La communauté internationale a célébré hier le 100e anniversaire de la Déclaration universelle des droits de l’Homme et des peuples. Au Sénégal, des conventions, des déclarations et des lois ont été adoptées, conformément à l’esprit de ces droits. Mais leur application fait défaut. Cette situation serait-elle liée à l’inaccessibilité des textes pour les populations qui sont en majorité analphabètes ? N’est-elle pas due à une confrontation entre traditions et modernisme ? Existe-t-il réellement une véritable politique de vulgarisation des politiques relatives aux droits humains ?

Un siècle après leur proclamation, les droits humains ressemblent toujours à des hiéroglyphes pour certains.
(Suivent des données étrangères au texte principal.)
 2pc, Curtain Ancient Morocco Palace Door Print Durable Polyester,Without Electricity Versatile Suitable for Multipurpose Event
D’autres connaissent leurs droits, mais butent, dans leur jouissance, à des considérations d’ordre coutumier, religieux, social, etc. « On n’intériorise pas les droits de l’Homme. Ce n’est pas encore ancré dans nos mœurs et dans nos habitudes », constate tristement un étudiant qui a préféré garder l’anonymat. Celui-ci défend que peu de Sénégalais connaissent leurs droits et les incorporent.
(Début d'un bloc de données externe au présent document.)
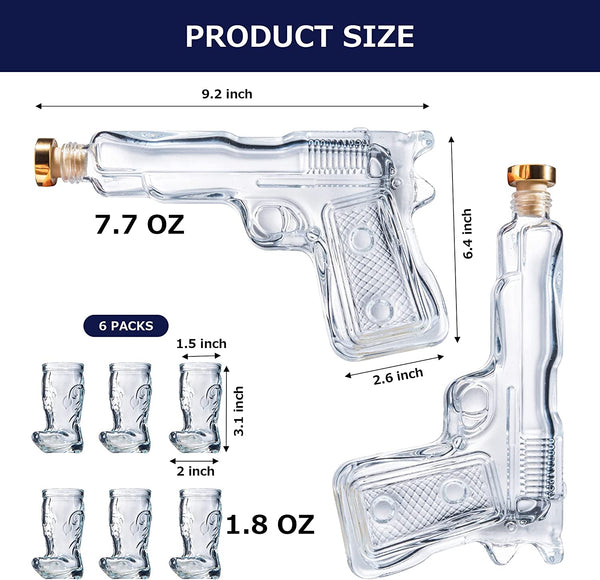 Pistol & Shotglasses Decanter Party Serving Holster Set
Pour Boubacar Baldé, étudiant au département d’anglais de l’Ucad, cette situation est liée à l’analphabétisme. « Plus de la moitié de la population sénégalaise n’est pas instruite. Alors, comment voulez-vous qu’ils sachent leurs droits », s’interroge-t-il. Celui-ci a toutefois déploré le fait que certains connaissent leurs droits mais n’osent pas les revendiquer. M. Baldé estime que si véritablement on veut faire savoir aux citoyens leurs droits, on doit commencer par combattre l’analphabétisme et l’ignorance. « Ce sont les freins à la connaissance des droits de l’Homme », a-t-il constaté avec amertume. Aliou Diallo, étudiant en architecture, indique que même si les gens connaissent leurs droits, on a tendance à constater que les traditions et coutumes l’emportent sur ce qu’on considère comme des mœurs importées d’Occident. Prenant l’exemple du droit au divertissement, il précise que, ailleurs, dès l’âge de 18 ans, les jeunes sont « responsabilisés ». « C’est tout à fait le contraire chez nous », se désole-t-il. M. Diallo est d’avis que c’est la famille et la société qui violent les droits des individus. « Chaque société a ses propres réalités », philosophe-t-il, l’air jovial.
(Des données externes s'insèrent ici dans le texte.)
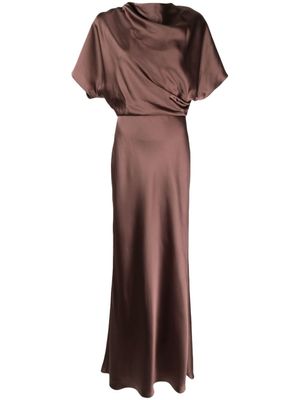Amsale robe drapée en satin à coupe longue - Marron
M. Diallo souligne par ailleurs que tout le monde n’a pas accès à l’éducation. A son avis, plusieurs facteurs pourraient expliquer cette situation : un manque de moyens des parents d’élèves et une réticence de certains pères de famille qui ne croient pas à l’éducation scolaire.

Yague Touré pense que le principal responsable de cette situation est l’Etat. Car, dit-il, « ce sont les pouvoirs publics qui doivent construire des écoles dans les localités les plus reculées ». Le plus souvent certains pères de famille ne prennent pas le risque d’envoyer leurs enfants à l’école dans des villages distants des leurs de kilomètres, poursuit-il. « Ils préfèrent que leur progéniture aille faire le commerce, paître leurs troupeaux et cultiver leurs champs ». Pape Clément Assine, handicapé, déplore, quant à lui, le manque de politique « cohérente » et « concrète » envers les personnes handicapées. Parfois, dit-il avec une dose d’émotion, « nous sommes victimes d’une discrimination pour exercer certains types de travail ». « Nous sommes abandonnés à nous-mêmes », ajoute-t-il.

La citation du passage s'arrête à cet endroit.